An observational study at six US trauma centres was performed. Adult patients on APM with CT evident TBI after blunt injury were enrolled. Demographics, brain CT and TEG-PM results before/after platelet transfusion, length of stay (LOS), and injury severity score (ISS) were abstracted.

RESULTS:

Sixty six patients were enrolled (89% aspirin, 50% clopidogrel, 23% dual APM) with 23 patients undergoing platelet transfusion. Transfused patients had significantly higher ISS and admission CT scores.
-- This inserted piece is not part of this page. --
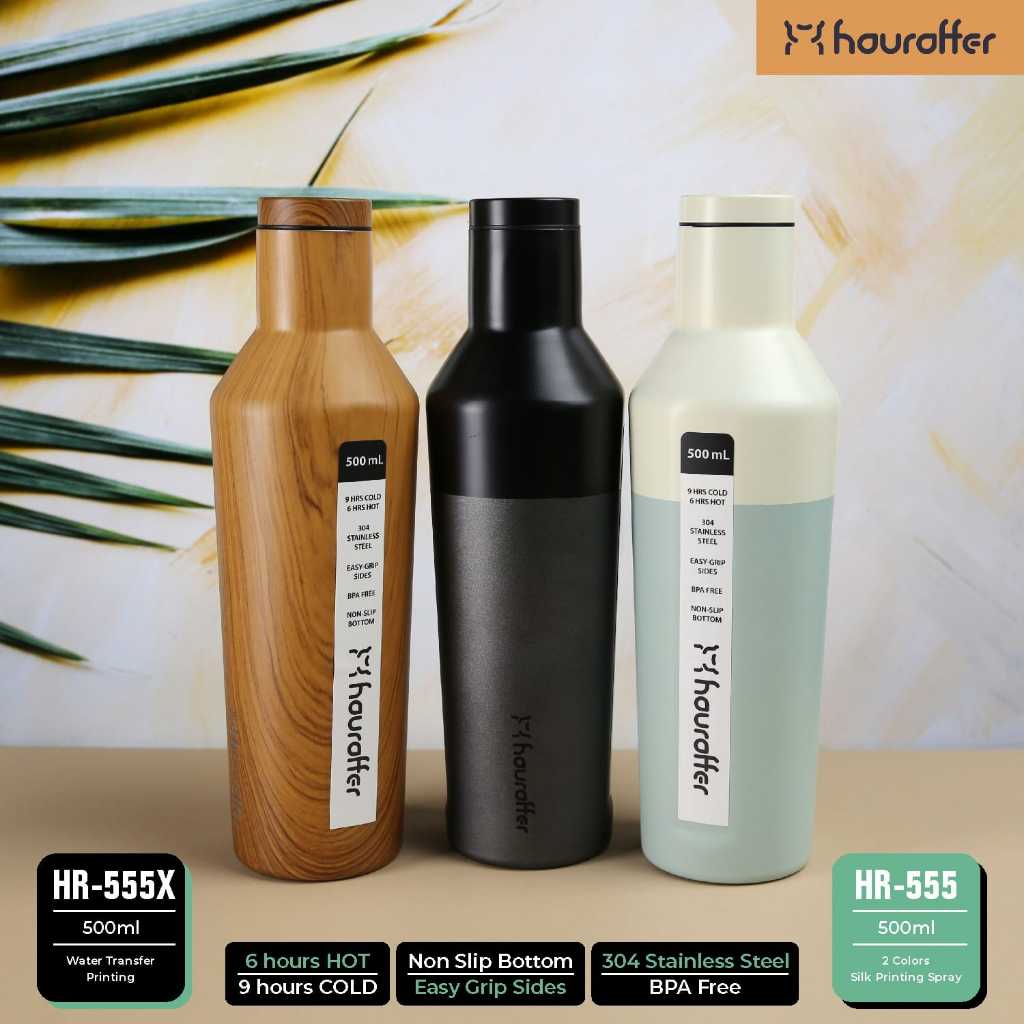 Jual Houroffer Botol Minum Thermos HR 555 X Two Tone Colour Wood Keep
Platelet transfusion significantly reduced platelet inhibition due to aspirin (76.0 ± 30.2% to 52.7 ± 31.5%, p < 0.01), but had a non-significant impact on clopidogrel-associated inhibition (p = 0.07). Platelet transfusion was associated with longer length of stay (7.8 vs. 3.5 days, p < 0.01), but there were no differences in mortality.

CONCLUSION:

Platelet transfusion significantly decreases platelet inhibition due to aspirin but is not associated with change in outcomes in patients on APM following TBI.